> _About this exercise_
Copy exactly the line containing "Say you Can Ladies V-Neck T-Shirt" and all the lines that follow it to the end of the records, minus the pictures.

> _Recorded data_
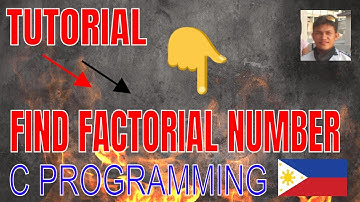 How to make a program to FIND FACTORIAL of a given NUMBER using C Programming Language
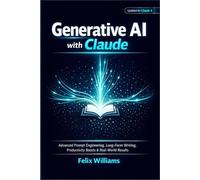 Generative Ai With Claude: Advanced Prompt Engineering, Long-Form Writing, Productivity Boosts & Real-World Results (Generative Ai Handbooks)
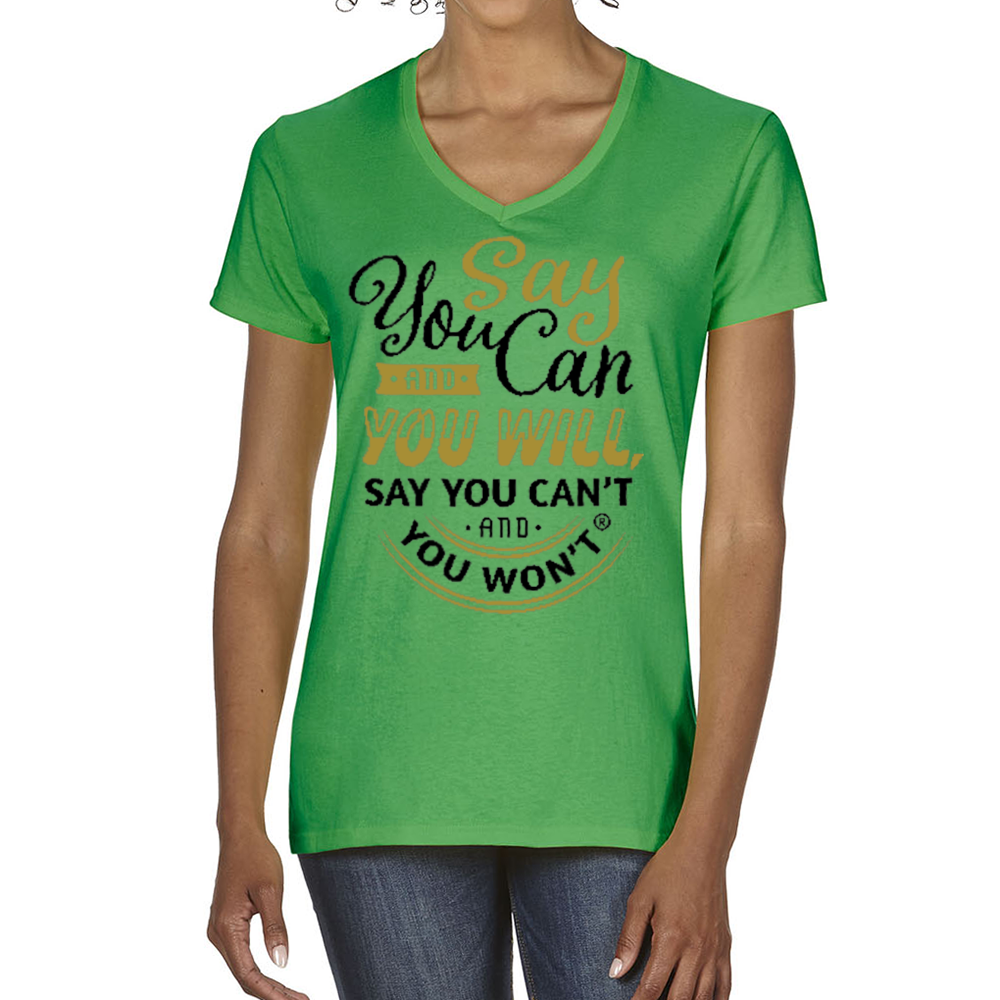 Say you Can Ladies V-Neck T-Shirt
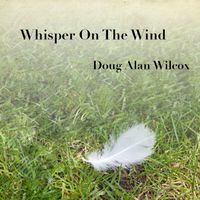 Whisper On The Wind by Doug Alan Wilcox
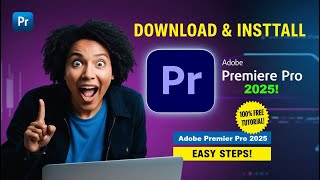 How To Download & Install Adobe Premiere Pro 2025 Easy Step-By-Step Guide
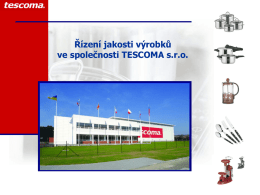 Řízení jakosti výrobků ve společnosti TESCOMA s.r.o.   Certifikáty ISO 9001 a 14001    v roce 2005 společnost TESCOMA zavedla systémy managementu jakosti dle normy.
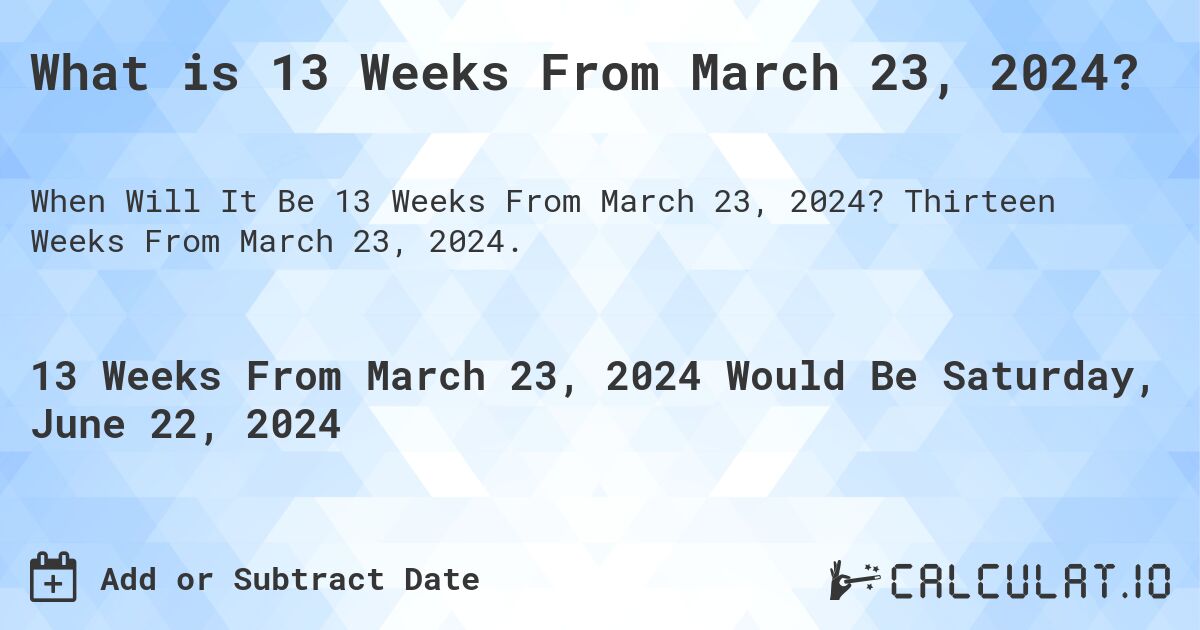 What is 13 Weeks From March 23, 2024?. Thirteen Weeks From March 23, 2024.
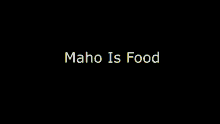 Maho Is Food GIF - Maho Is Food Maho Maho Is GIFs
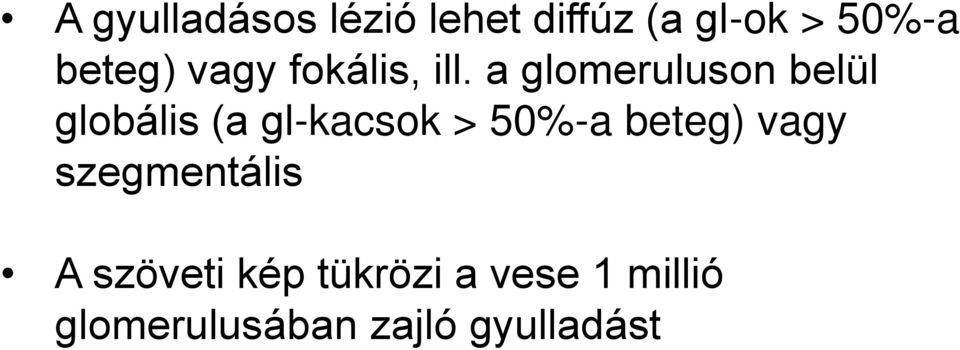 a glomeruluson belül globális (a gl-kacsok > 50%-a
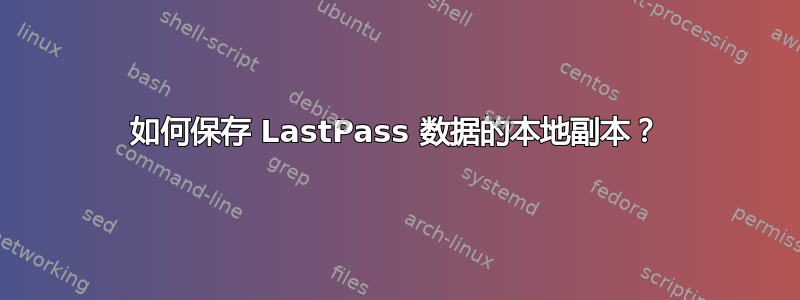 如何保存 LastPass 数据的本地副本？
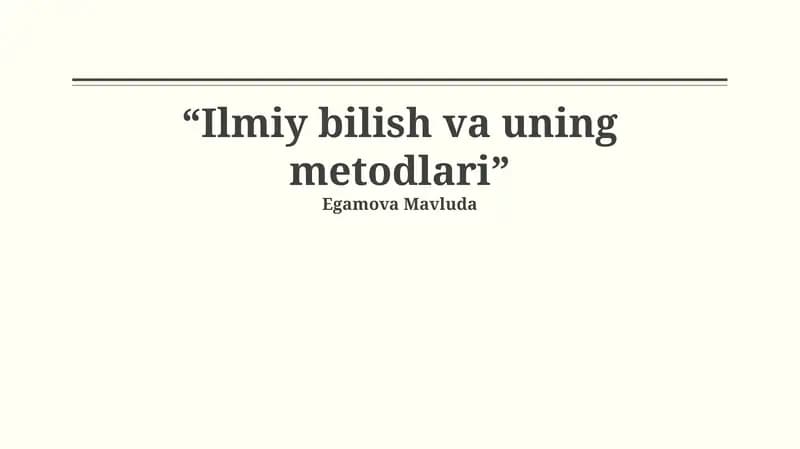 Ilmiy Bilimlar va uning metodlari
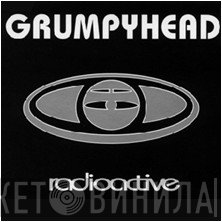 Grumpyhead  - Radioactive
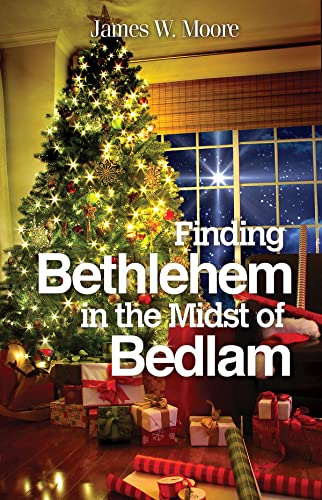 

Finding Bethlehem in the Midst of Bedlam: An Advent Study
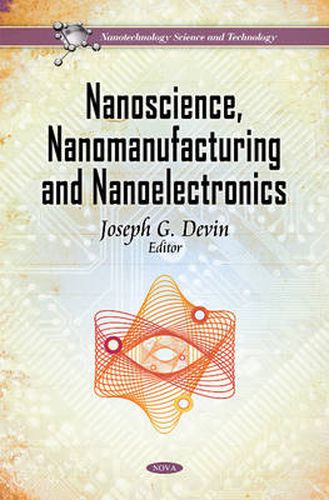 Cover image for Nanoscience, Nanomanufacturing & Nanoelectronics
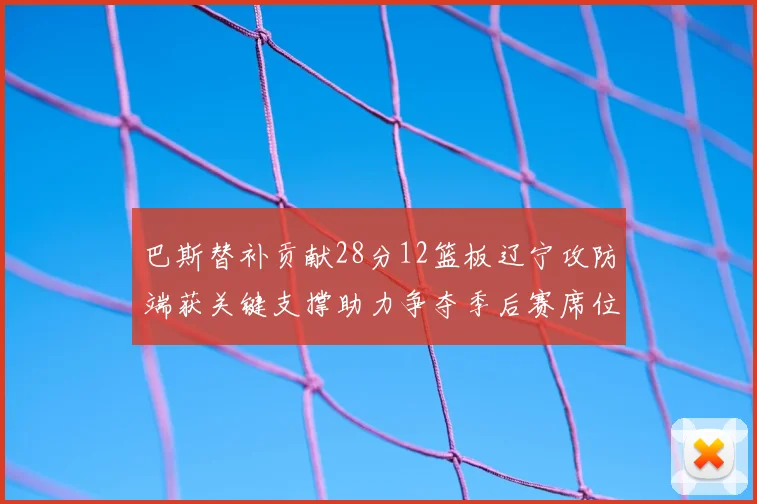 巴斯替补贡献28分12篮板辽宁攻防端获关键支撑助力争夺季后赛席位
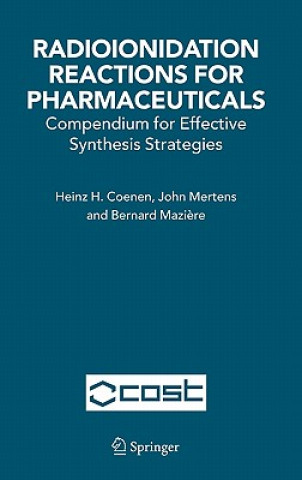 Książka Radioionidation Reactions for Pharmaceuticals Heinz H. Coenen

> _Solution for this task_
 Say you Can Ladies V-Neck T-Shirt
 Whisper On The Wind by Doug Alan Wilcox
 How To Download & Install Adobe Premiere Pro 2025 Easy Step-By-Step Guide
 Řízení jakosti výrobků ve společnosti TESCOMA s.r.o.   Certifikáty ISO 9001 a 14001    v roce 2005 společnost TESCOMA zavedla systémy managementu jakosti dle normy.
 What is 13 Weeks From March 23, 2024?. Thirteen Weeks From March 23, 2024.
 Maho Is Food GIF - Maho Is Food Maho Maho Is GIFs
 a glomeruluson belül globális (a gl-kacsok > 50%-a
 如何保存 LastPass 数据的本地副本？
 Ilmiy Bilimlar va uning metodlari
 Grumpyhead  - Radioactive

Finding Bethlehem in the Midst of Bedlam: An Advent Study
 Cover image for Nanoscience, Nanomanufacturing & Nanoelectronics
 巴斯替补贡献28分12篮板辽宁攻防端获关键支撑助力争夺季后赛席位
 Książka Radioionidation Reactions for Pharmaceuticals Heinz H. Coenen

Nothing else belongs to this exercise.